Cities in particular are now taking the lead on poverty reduction, and doing so with energy. This shouldn’t be surprising as most of the effects of poverty on people’s lives play out locally and the municipal government being closest to people’s lived experience.
Inequality has become the issue you can’t miss. Some of the awareness of the need to pay attention to poverty comes from global voices. The Occupy movement highlighted the accumulation of wealth in a very few hands, which also illuminates the fact that most people aren’t paid enough to participate in today’s economy. Minimum wage and living wage campaigns have been waged internationally. Celebrated books have addressed inequality.

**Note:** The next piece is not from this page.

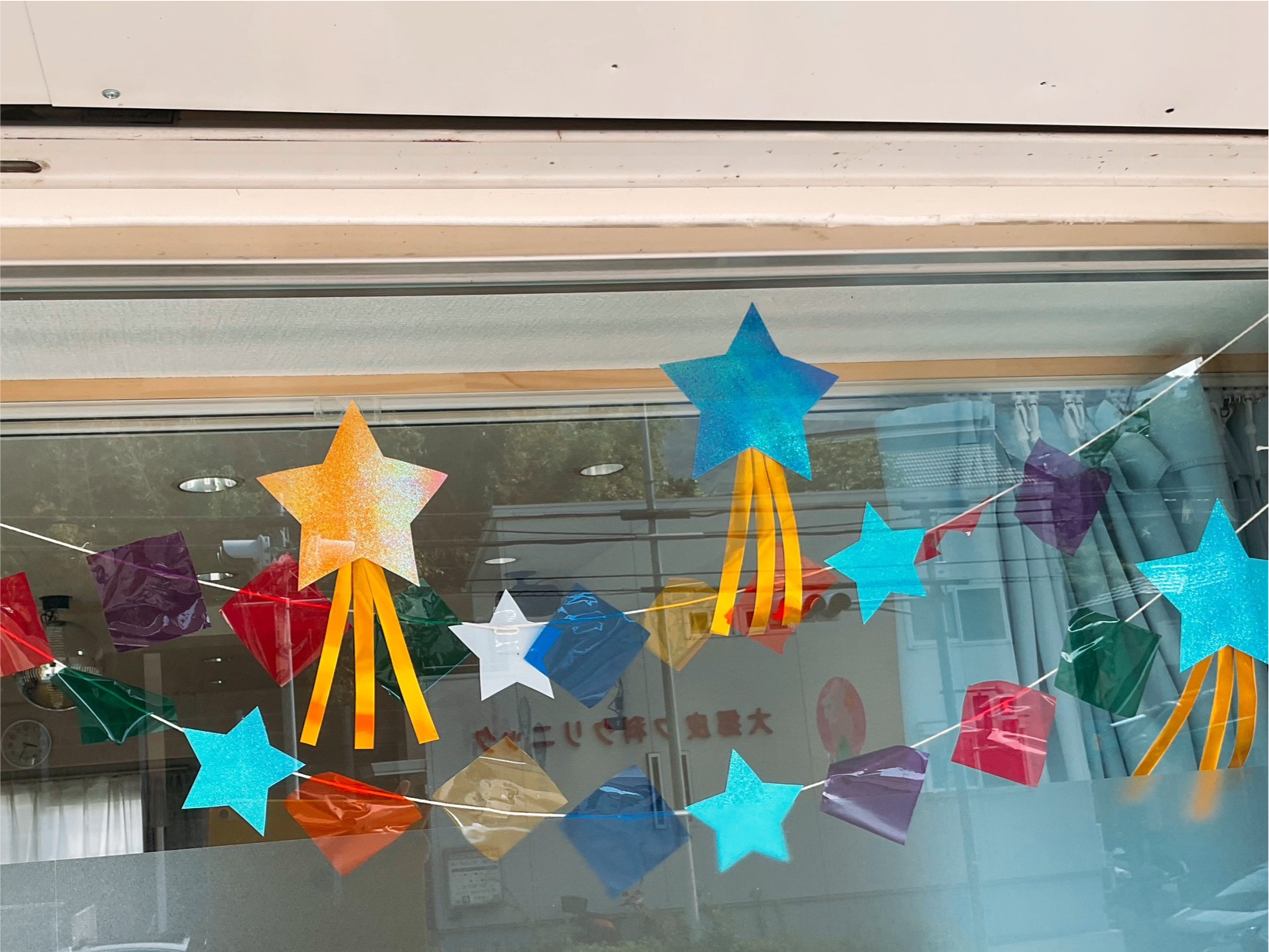 関西、兵庫県、神戸市北区にある重症心身障がい・医療的ケアに対応した児童発達支援施設「こどもデイ　はれいろ」では七夕に向けて笹の葉制作をしています。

At Maytree we have identified inequality as an issue core to our mission for a long time. Early on, we have recognized three global issues which threaten the stability of society: wealth disparity within and between nations; environmental degradation, from either natural or man-made causes; and mass migration, much of which results from wealth disparity and environmental degradation. Our anti-poverty work has arisen from our concerns about wealth disparity.
There is some good news. We know much of what needs to be done to reduce poverty. A number of programs are in place that work, like the Canada Child Tax Benefit (CCTB) and its provincial counterparts; the Working Income Tax Benefit; and benefits for the elderly like the Canada Pension Plan, Old Age Security and the Guaranteed Income Supplement. These programs are effective. The CCTB has reduced child poverty by 40%; the Guaranteed Income Supplement component of the Canada Pension Plan, aimed at low-income seniors, reduced single senior women’s poverty from 68% to 16%, and single senior men’s poverty from 56% to 12%. The Ontario Child Benefit, a provincial component of the CCTB, has reduced the percentage of single women on welfare rolls from 50% to 15%.
They work in good part because they have various elements of good design: they are large scale, income tested, refundable, targeted to people in need, and situated in the tax system. (“Refundable” tax credits work as tax deductions for those with taxable income, gradually disappearing as incomes rise, and as income supplements for people without taxable income.) As such, they are important components of any poverty reduction strategy.
There is a role for city-based poverty reduction strategies in these large federal and provincial instruments, and that is as an advocate for their full funding. When these programs are designed, a target is identified, either explicitly or not, which would remediate the low-income problem in question. What would it take for a family to raise a child successfully; how much does a senior need to live out life in dignity? But in Canada those targets are unmet. For example, the Canada Child Tax Benefit is funded at only 65% of its target, even 20 years after its inception; the Working Income Tax Benefit, aimed at the “working poor,” is funded at only 25% of its target. The Canada Pension Plan does not provide adequate retirement income.
Cities house most of the clients of these programs, as 80% of Canadians live in cities. Their governments and civil society groups, including business, can become advocates for full funding. They can recognize that these are powerful instruments to raise people out of poverty and enable them to participate in the full life of the community. And they provide resilience to someone who has tumbled into poverty through one of life’s vagaries (bankrupt employer, accident or illness, a failed marriage, or some other piece of bad luck), preventing them from having to strip their assets as they get back on their feet. As such, they are effective contributors to a dynamic city. Leveraging the political power of their residents to make these programs sound can be part of a poverty reduction strategy.
The Poverty Reduction Summit in Ottawa is pivotal for Canada. It is a moment to open the door wide and invite the whole country to begin making enormous strides to reduce poverty in every province and territory, in every city, and across the entire nation.